Crimes Against Humanity (Unit 7)
Genocide is the most extreme crime against humanity, but the broader category covers widespread attacks on civilians that don't aim to erase a whole group. The post-WWII legal order (think Nuremberg) created both concepts to hold states accountable.
Genocide shows up most often in multiple-choice and short-answer questions built on Topic 7.8. Typical stems ask you to identify a primary cause of mass atrocities (the answer almost always points to extremist groups in power), compare cases (Rwanda's Hutu-led killing of Tutsis is frequently framed as mirroring the Holocaust), or analyze a passage about a specific genocide like Cambodia. No released FRQ has used the term verbatim, but it's strong evidence for causation and continuity essays on 20th-century global conflict. The move the exam rewards is going beyond naming an atrocity. Explain the cause (extremism plus state power plus wartime upheaval) and the consequence (international law, refugee flows, postwar restructuring of states).
Ethnic cleansing aims to remove a group from a territory, through forced deportation, terror, or violence, so the group leaves. Genocide aims to destroy the group itself, so it ceases to exist. The two often overlap in practice (the Armenian deportations turned genocidal), but on the exam the distinguishing word is intent.

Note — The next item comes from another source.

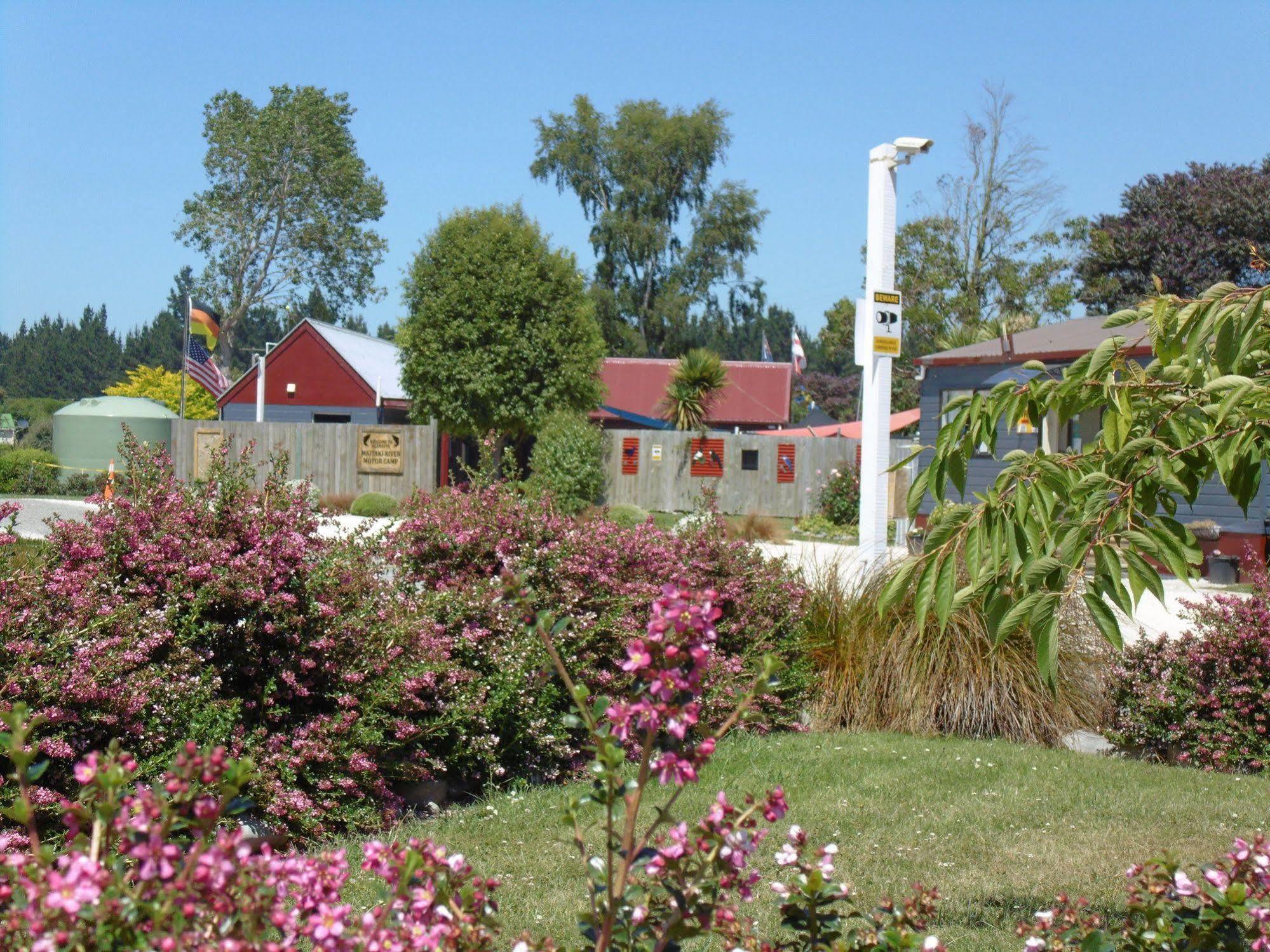 Glenavys Waitaki River Motor Camp Exterior foto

Removal is cleansing; destruction is genocide.
Genocide is the deliberate, systematic attempt to destroy a racial, ethnic, national, or religious group, and intent to destroy is what separates it from other mass violence.
The CED's primary cause for 20th-century genocides is the rise of extremist groups in power, such as the Nazis, the Khmer Rouge, and Hutu extremists in Rwanda.

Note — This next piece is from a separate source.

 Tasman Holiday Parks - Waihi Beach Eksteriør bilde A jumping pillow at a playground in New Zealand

Know the five CED illustrative examples: Armenians in the Ottoman Empire (WWI era), the Holodomor in Soviet Ukraine (1920s-30s), the Holocaust (WWII), Cambodia under the Khmer Rouge (late 1970s), and the Tutsi in Rwanda (1990s).
Genocides cluster around wars and political upheaval because total war and revolutionary ideology give states both the motive and the machinery for mass destruction.
Genocide differs from ethnic cleansing, which seeks to remove a group from a territory rather than destroy the group entirely.
The atrocities of World War II reshaped the postwar order, feeding into the anti-imperialist sentiment and restructuring of states covered in Topic 8.1.
Genocide is the deliberate and systematic destruction of a racial, ethnic, national, or religious group. It's the core concept of Topic 7.8, Mass Atrocities After 1900, where the CED ties it to the rise of extremist groups in power.
The CED lists five illustrative examples: the Armenian Genocide in the Ottoman Empire during and after WWI, the Holodomor in Soviet Ukraine in the 1920s-30s, the Holocaust during WWII, the Cambodian Genocide under the Khmer Rouge in the late 1970s, and the Rwandan Genocide against the Tutsi in the 1990s.
Ethnic cleansing forces a group out of a territory; genocide tries to destroy the group entirely. The line can blur, since deportations like the Armenian death marches became genocidal, but intent to destroy is what legally and historically defines genocide.
The AP World CED lists Ukraine in the Soviet Union in the 1920s and 1930s among its examples of genocide, ethnic violence, or attempted destruction of specific populations. The Holodomor was a man-made famine under Stalin that killed millions of Ukrainians, and many historians and governments classify it as genocide.
Yes, the systematic killing the CED calls the Nazi killing of the Jews took place during World War II, but the anti-Semitism and extremist Nazi ideology behind it built up through the 1930s. On the exam, treat the Holocaust as the prime example of an extremist regime in power attempting to destroy a specific population.